Update after rebuttal:
The authors have clarified the downstream benefits of their algorithm, the impact of graph properties on its effectiveness, and performance with a non-uniform target measure. I'm satisfied with the responses and have raised my score.
给作者的问题
- Can you demonstrate downstream benefits from improved efficiency of graph sampling in ML algorithms?

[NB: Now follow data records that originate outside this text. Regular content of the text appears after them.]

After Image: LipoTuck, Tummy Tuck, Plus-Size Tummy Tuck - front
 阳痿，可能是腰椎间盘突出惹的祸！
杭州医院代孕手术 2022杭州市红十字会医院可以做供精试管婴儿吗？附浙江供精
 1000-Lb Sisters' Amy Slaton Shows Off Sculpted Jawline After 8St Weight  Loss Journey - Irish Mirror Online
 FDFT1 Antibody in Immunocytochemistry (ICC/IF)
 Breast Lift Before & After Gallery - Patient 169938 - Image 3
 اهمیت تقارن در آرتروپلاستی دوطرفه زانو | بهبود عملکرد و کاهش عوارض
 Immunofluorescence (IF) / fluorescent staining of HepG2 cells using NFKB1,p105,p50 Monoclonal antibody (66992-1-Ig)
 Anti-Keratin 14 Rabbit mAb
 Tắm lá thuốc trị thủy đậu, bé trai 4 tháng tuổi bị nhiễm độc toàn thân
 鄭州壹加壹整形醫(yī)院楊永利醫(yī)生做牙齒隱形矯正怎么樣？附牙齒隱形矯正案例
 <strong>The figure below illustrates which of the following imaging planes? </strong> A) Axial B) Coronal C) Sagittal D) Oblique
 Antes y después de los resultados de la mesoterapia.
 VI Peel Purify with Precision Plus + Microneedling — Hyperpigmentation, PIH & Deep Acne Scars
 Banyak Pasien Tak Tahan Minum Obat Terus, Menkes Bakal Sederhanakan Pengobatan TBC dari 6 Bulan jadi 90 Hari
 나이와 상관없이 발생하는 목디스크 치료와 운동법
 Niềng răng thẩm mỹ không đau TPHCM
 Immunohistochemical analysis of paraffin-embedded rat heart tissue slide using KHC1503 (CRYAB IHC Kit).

- How do the gains provided by your scheme depend on the properties of the graph? What properties of the graph govern the size of the gains? (I appreciate that this is a big one…) Also, how do the gains depend on the target measure?
论据与证据
The claims are supported by theoretical and empirical evidence. See below.
方法与评估标准
The authors compare a variety of MCMC algorithms against their new “history-driven target” (HDT) counterparts, and consistently find faster convergence to a uniform target distribution. They consider facebook (N=4039) and p2p-Gnutella04 (N=10876), with a few more graphs in the appendix. They also compare to SRRW for fixed computational budget. Whilst this convincingly backs up their core claims, I wonder if the authors could have tried some more ambitious applications of graph-based MCMC to show real-world advantages of HDT over existing methods – i.e. faster convergence to the target distribution actually unlocking better performance in things directly relevant to ML practitioners.
理论论述
The authors prove that their HDT framework converges almost surely to the original target distribution and achieves variance reduction compared to the base sampler in the CLT. They show further variance reduction relative to SRRW that depends on the average neighborhood size. I did not check the proofs in detail, but all theoretical proofs seem reasonable.
实验设计与分析
See above. The experiments do indeed back up the authors’ central claims, but they do not convincingly demonstrate downstream benefits for ML or scaling to very large graphs. Only a limited number of graphs are considered (2 in the main body, and a few more in the appendix – by my count, 2). Do all experiments take a uniform target distribution? If so, this also seems restrictive.
补充材料
The supplementary material provides proofs of all theoretical claims and extra details about the graph sampling experiments. I didn’t go through it in detail, but both parts seem reasonable.
与现有文献的关系
Improving MCMC graph sampling algorithms to encourage efficient exploration is a storied line of work – e.g. Metropolis Hastings with delayed rejection reduces repeated rejections (Green & Mira, 2001), and multiple-try Metropolis proposes multiple candidates at each step and picks one based on their weights (Liu et al., 2000; Pandolfi et al., 2010). The authors’ method can be used to enhance each of these variants by introducing a history-dependent target distribution, as demonstrated in Fig. 2. It provides a computationally cheaper alternative to SRRWs, introduced by Doshi et al. in 2023.
遗漏的重要参考文献
The references seem reasonable.
其他优缺点
Strengths:
- Clear presentation of a novel idea (history-driven targets), capable of enhancing a range of previous graph-based MCMC samplers using information about walker history
- Impressive theoretical contributions
- Central claims of more efficient graph sampling are backed up by Figs 2 and 3
- LRU caching scheme seems reasonable to further reduce computational cost
Weaknesses:
- Limited number of graphs considered, and limited evidence of benefits for downstream ML tasks (though I don’t doubt that they exist)
其他意见或建议
N/A
Q1. Downstream benefits in ML algorithms
Our HDT framework enables more efficient sampling of large or complex graphs for arbitrary target measures, reducing estimator variance and cost. Key impacts include:
- Estimating Global Properties of Large-Scale Graphs: In social networks, e-commerce systems, recommender systems and other domains, practitioners need to estimate graph size, node degree distribution, vertex label distribution [Xie et al. 2023]. These applications include detecting bot populations, identifying high-value user segments or scarce features [Nakajima et al. 2023], and gradient of local loss for token algorithms in distributed optimizations [Sun et al. 2018, Even 2023], especially with limited graph access. However, a standard random walk can be slow to discover underrepresented regions or rare features, forcing more samples to achieve acceptable levels of accuracy.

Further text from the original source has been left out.